What the task asks: The required answer is an exact copy of the records below, without pictures.

Collected data entries:
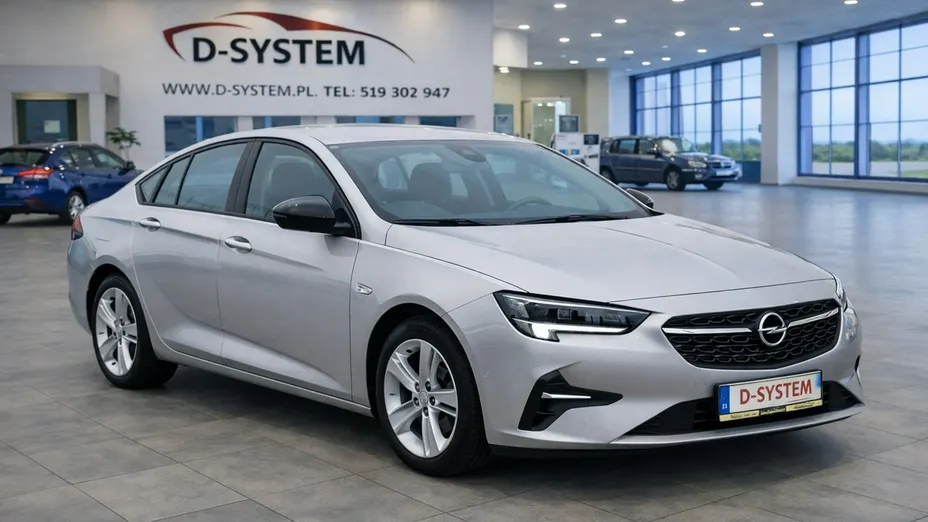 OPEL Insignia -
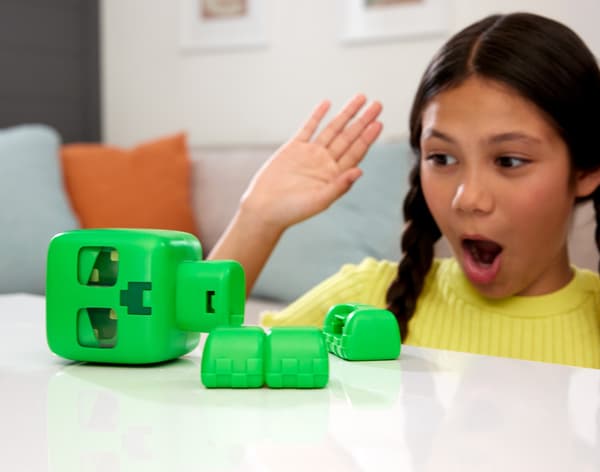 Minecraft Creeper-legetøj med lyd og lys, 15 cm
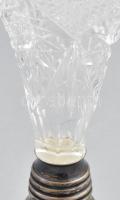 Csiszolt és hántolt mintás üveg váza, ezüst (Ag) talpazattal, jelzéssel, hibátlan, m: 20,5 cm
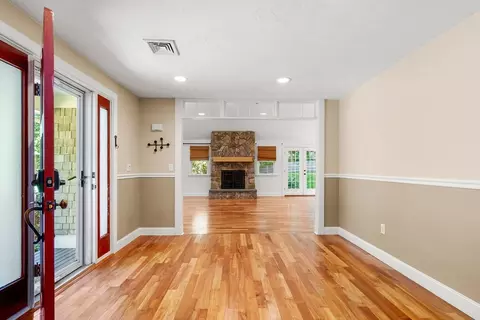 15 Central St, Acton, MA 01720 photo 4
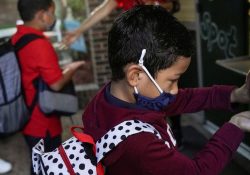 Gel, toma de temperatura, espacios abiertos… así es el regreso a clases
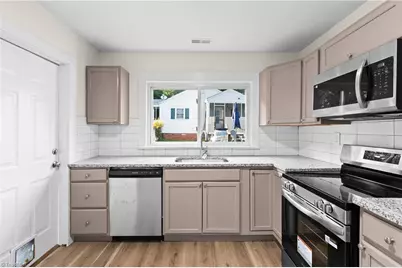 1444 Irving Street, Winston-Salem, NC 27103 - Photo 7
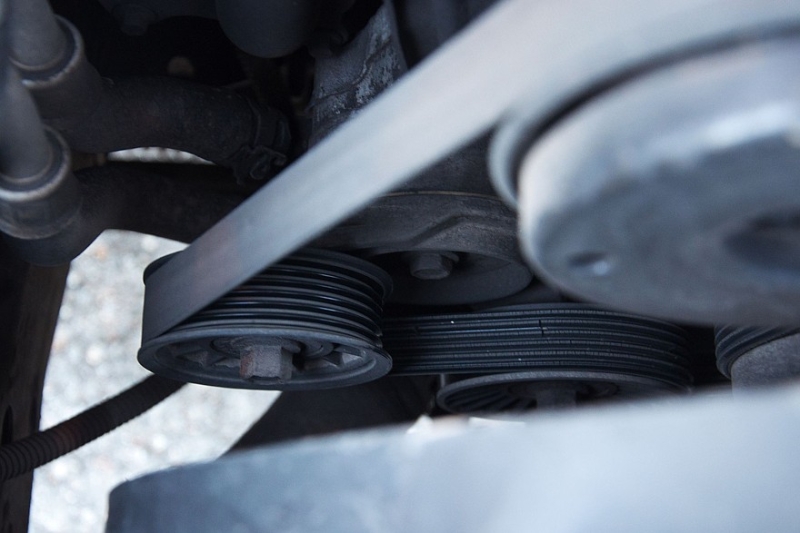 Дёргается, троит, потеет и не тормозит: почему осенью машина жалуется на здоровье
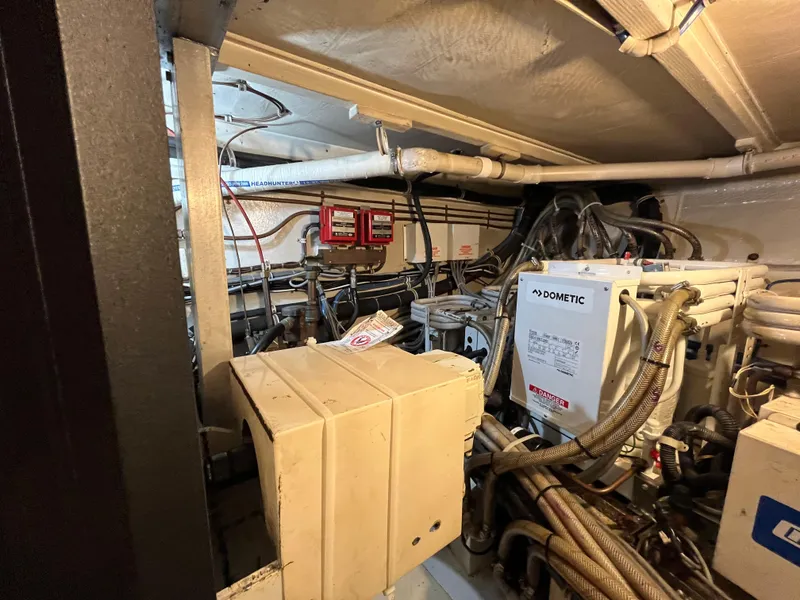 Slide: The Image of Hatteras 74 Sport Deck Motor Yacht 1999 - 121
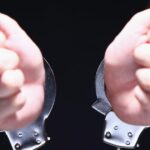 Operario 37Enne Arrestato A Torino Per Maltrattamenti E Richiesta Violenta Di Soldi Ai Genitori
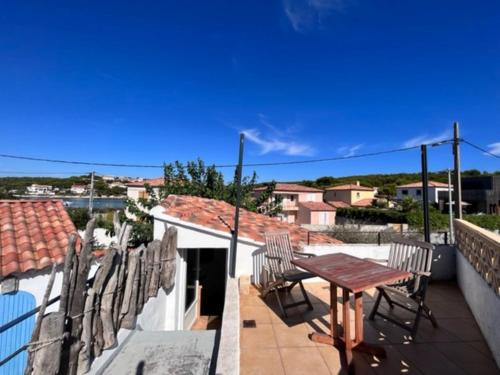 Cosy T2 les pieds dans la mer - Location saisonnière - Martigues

Task answer:
 OPEL Insignia -
 Minecraft Creeper-legetøj med lyd og lys, 15 cm
 Csiszolt és hántolt mintás üveg váza, ezüst (Ag) talpazattal, jelzéssel, hibátlan, m: 20,5 cm
 15 Central St, Acton, MA 01720 photo 4
 Gel, toma de temperatura, espacios abiertos… así es el regreso a clases
 1444 Irving Street, Winston-Salem, NC 27103 - Photo 7
 Дёргается, троит, потеет и не тормозит: почему осенью машина жалуется на здоровье
 Slide: The Image of Hatteras 74 Sport Deck Motor Yacht 1999 - 121
 Operario 37Enne Arrestato A Torino Per Maltrattamenti E Richiesta Violenta Di Soldi Ai Genitori
 Cosy T2 les pieds dans la mer - Location saisonnière - Martigues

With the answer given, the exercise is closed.